I turned in my seat, saw out the rear window Annie and Gene, him with his arm around her shoulder, her with her arms crossed, and I saw Wilman and Burton turn from the curb, head up the lawn, where Barbara stood holding hard to Brad’s arm, heavy words down at him for whatever offense he’d made, while the rest of the grandchildren swirled round the two of them, and where Sarah leaned against her and Burton’s Rambler parked in the driveway of our old house, purse already on her arm. I saw all of them back there, all of them disappearing into the fog behind us.

I looked at Brenda Kay. She brought the transistor from her ear, held it with both hands in her lap, stared at it a moment or two, then with one finger touched the side, gently twisted the dial to change the station.

She turned it, turned it, then stopped, and here came that Ray Charles song again, this time on a different station. She looked up at me, eyes open wide, mouth open in the closest thing to amazement I figured she could know.

“Momma! ” she said, and held the transistor at arm’s length, nearly touched my face with it. “Ray Cha! ” she said.

I said, “Sing it, Brenda Kay, ” and she smiled, all those teeth again, then held the radio to her ear, let out her song.
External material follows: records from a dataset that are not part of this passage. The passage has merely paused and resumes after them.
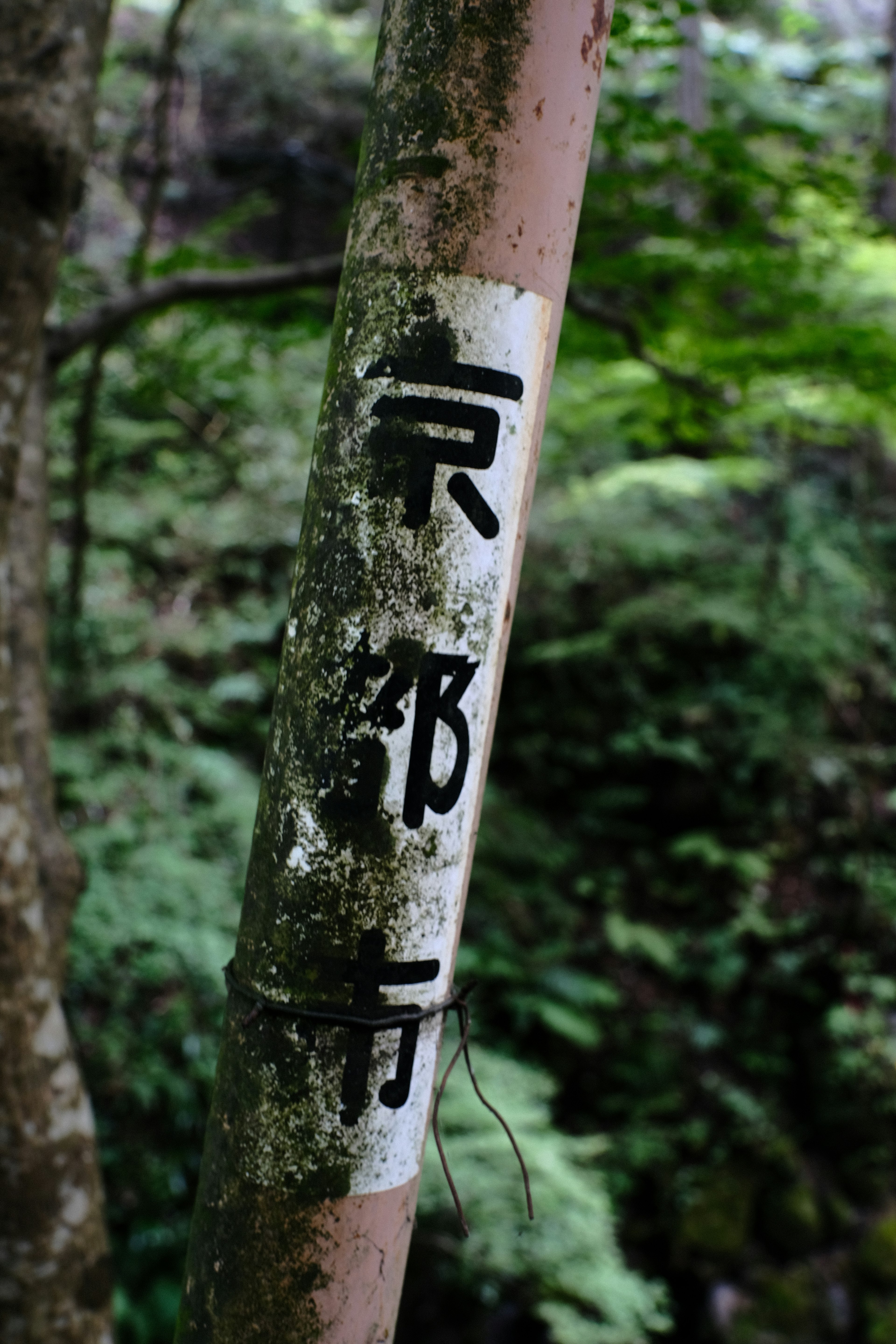 A tree trunk with a sign featuring Japanese kanji in a lush forest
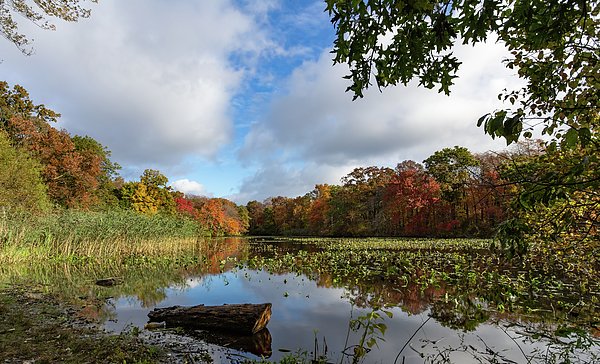 ChrisFerrara10's tweet photo. New artwork for sale! - "Fall Reflections" - https://t.co/1FvbFIwurW @fineartamerica https://t.co/q8UYMaCe9b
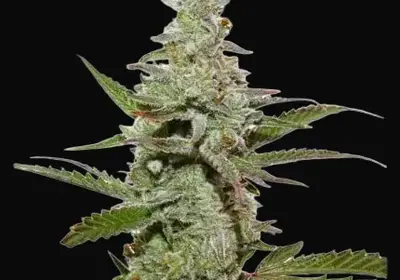 Amsterdam Amnesia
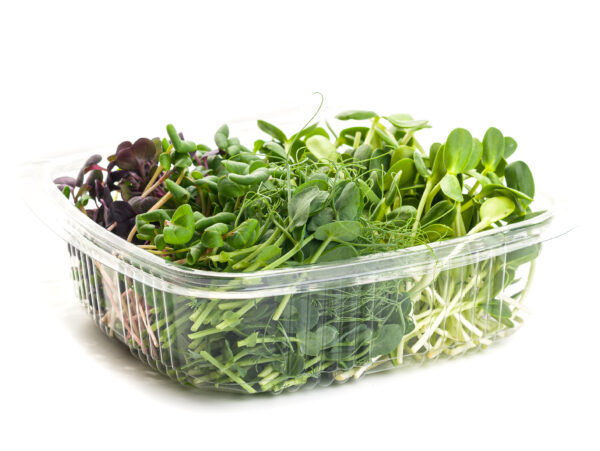 Microgreens Klasic Mix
I turned to the front, saw the lighter in the dashboard pop. Leston had a cigarette out, reached over and pulled out the lighter, touched it to the cigarette.
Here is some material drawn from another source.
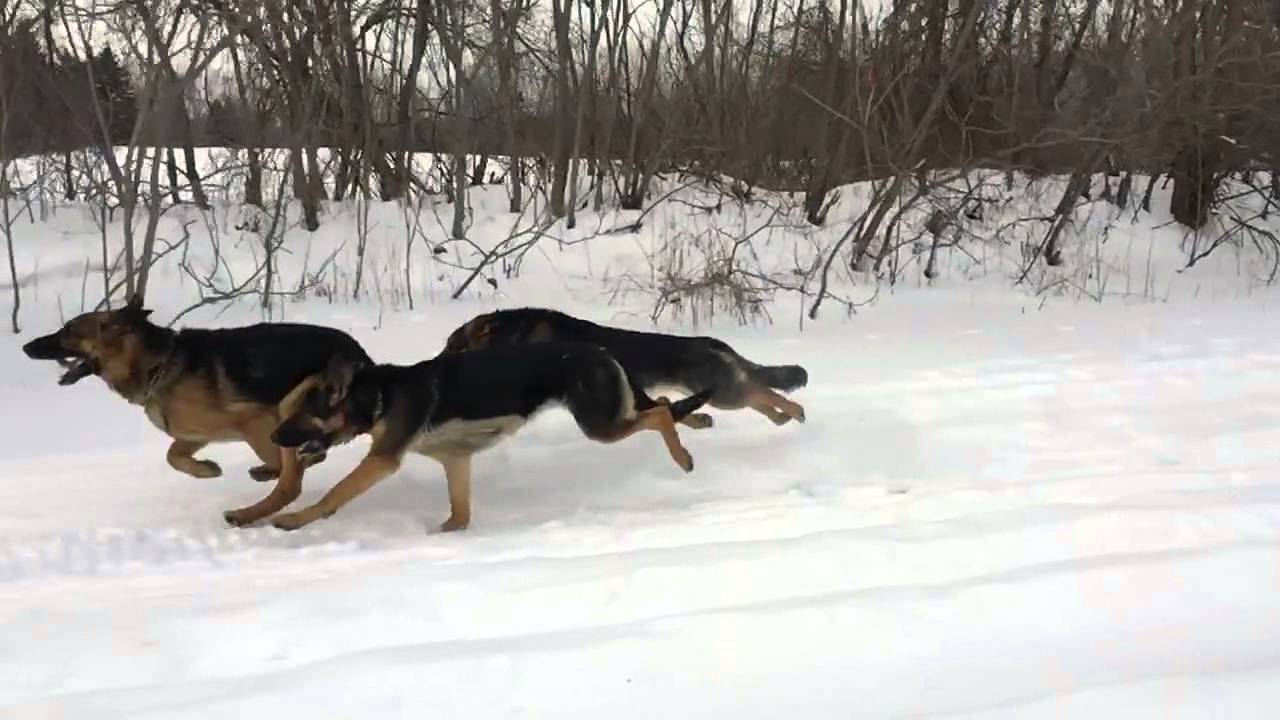 Last of the mohicans -German shepherd dogs running pack wolf free fast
Here was cigarette smoke in a new car again, a smell I’d thought ten tears ago a magnificent smell, a mix of the new and familiar with me inside a car that, in 1952, had been heading west toward a new world.
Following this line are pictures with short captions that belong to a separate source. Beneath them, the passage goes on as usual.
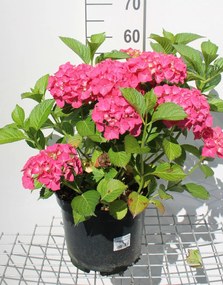Hydrangea macrophylla - rood - pot 10L - 40-60 cm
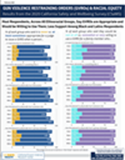 Extreme Risk Protection Orders Race/Ethnicity, and Equity: Evidence From California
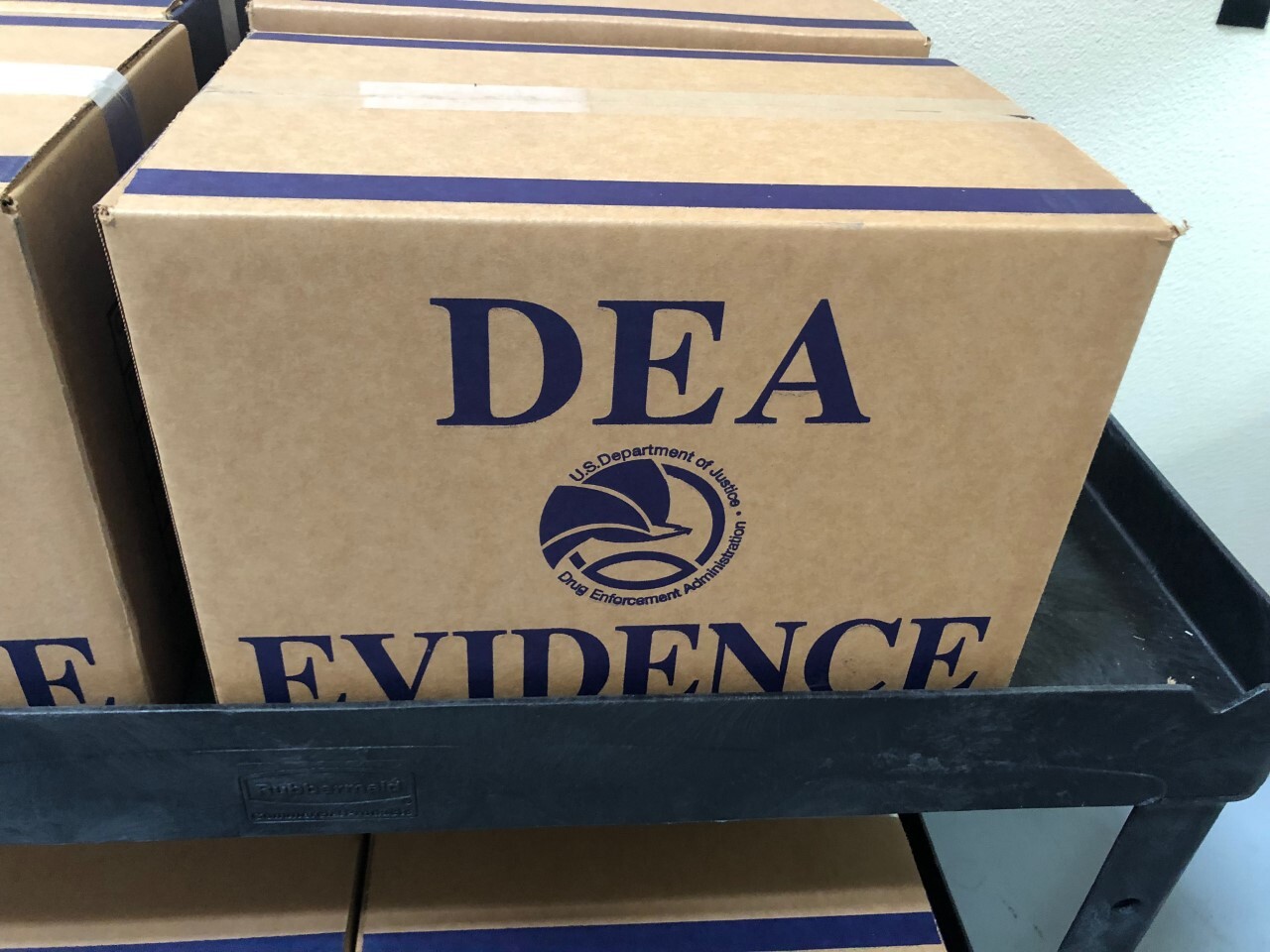 dea 1.jpg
But now here it was inside a 62 Studebaker headed back to the old, and I shuddered at that moment, shuddered from the base of my spine right on up to my neck. It was a reflex, I figured, that showed the amazement I felt myself, the open-mouth awe that had hold on me because of how quick a life could change, how, like lightning, some unforeseen force could bust in, burn your world right out of your hands, leave you dazed. I was just along for the ride back to Mississippi, a place I’d called home once. A month ago I never thought this’d be happening.

Now it’d already come to pass.

So I left my window rolled down, let cold fog fill as much of this new car as it could, crowd out both the cigarette smell and the new car smell. I wanted the fog to fill us up, swallow us whole before we headed out onto the desert, where the rocks and mountains and greasy brush’d play itself out in backwards motion, our lives going the same way, backwards, backwards.

We pulled to the stop sign at Highland and Sixth. Leston honked the horn for any cars he couldn’t see coming at us, then eased right onto Highland.